- Directed by: Duccio Tessari
- Written by: Gianfranco Clerici Duccio Tessari
- Starring: Helmut Berger, Ida Galli
- Cinematography: Carlo Carlini
- Music by: Gianni Ferrio
- Release date: 10 September 1971;
- Running time: 95 minutes
- Country: Italy
- Language: Italian

= The Bloodstained Butterfly =

The Bloodstained Butterfly (Una farfalla con le ali insanguinate) is a 1971 giallo film directed by Duccio Tessari. It starred Helmut Berger and Ida Galli.

== Plot ==
A young French woman named Françoise Pigaut (Carole André) meets a man in a public park in the rain. They get into a violent altercation, so the man gags Françoise before stabbing her to death with a switchblade. She takes a tumble down a hill, where a little girl in a raincoat finds her and rushes to get help.

TV sports host Alessandro Marchi (Giancarlo Sbragia) is witnessed fleeing the scene, and he's arrested and taken to trial. Françoise is suspected to have been groped by Marchi, whose daughter Sarah (Wendy D'Olive) was a friend of hers, when she was meeting a lover in the park. The motive is presented as Françoise threatening to report Marchi, and Marchi killed her in a rage to silence her. Marchi is convicted, and it's revealed his lawyer, Giulio Cordaro (Günther Stoll), deliberately restrained himself from a more aggressive defense to continue his affair with Marchi's wife, Maria (Evelyn Stewart).

Giorgio (Helmut Berger), a young pianist, starts dating Sarah, but he is also distant from his family and buries his disgruntlement in drinking. Their relationship deteriorates the night Giorgio is sexually aggressive with Sarah. A prostitute is found murdered in the same park, the hallmark details bearing similarity to Françoise's murder. As the police don't give much consideration to the similarities, a caller claiming to be the killer taunts the inspector on the case, Berardi (Silvano Tranquilli), saying he'll kill someone else. Shortly after, a third woman is slashed to death in the same park after physically punishing two children she's supervising. Maria comes home to find Giulio attempting to rape Sarah, so she kicks him out of the house. A retrial, introducing Marchi's mistress Marta (Lorelli De Luca), finds Marchi innocent of Françoise's murder, and he's released with his conviction overturned.

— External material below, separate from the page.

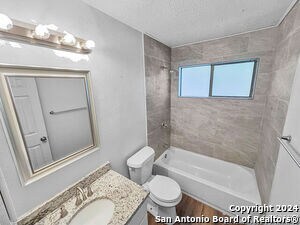 Building Photo - 13255 Greenstone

The inspector goes to the store where the switchblade were bought, and the owner gives him the killer's identity. A meeting Marchi is brought to in an abandoned building reveals Giorgio was the killer, as well as Françoise's lover. As the police rush to the scene to try and stop them, figuring everything out, Giorgio confesses he only killed the last two women, as he knew Marchi murdered Françoise when Marchi bumped into Giorgio while fleeing the scene. Marchi confesses to Françoise's murder, and Giorgio shoots Marchi. When checking to see if he's dead, Giorgio is stabbed by Marchi. When Marchi tries to flee, Giorgio shoots him dead, dying smiling over his accomplished plan.

== Cast ==
- Helmut Berger: Giorgio
- Giancarlo Sbragia: Alessandro Marchi
- Evelyn Stewart (Ida Galli): Maria Marchi
- Wendy D'Olive: Sarah Marchi
- Silvano Tranquilli: Inspector Berardi
- Carole André: Françoise Pigaut
- Lorella De Luca: Marta Clerici
- Günther Stoll: Attorney Giulio Cordaro
- Wolfgang Preiss: The Prosecutor
- Dana Ghia: Diamante

== Critical reception ==
AllMovie gave the film a positive review, writing "this beautifully assembled giallo is among the best of its time" and that it features a "genuinely intelligent script, a rarity in a subgenre generally known for flamboyant visuals at the expense of narrative cohesion."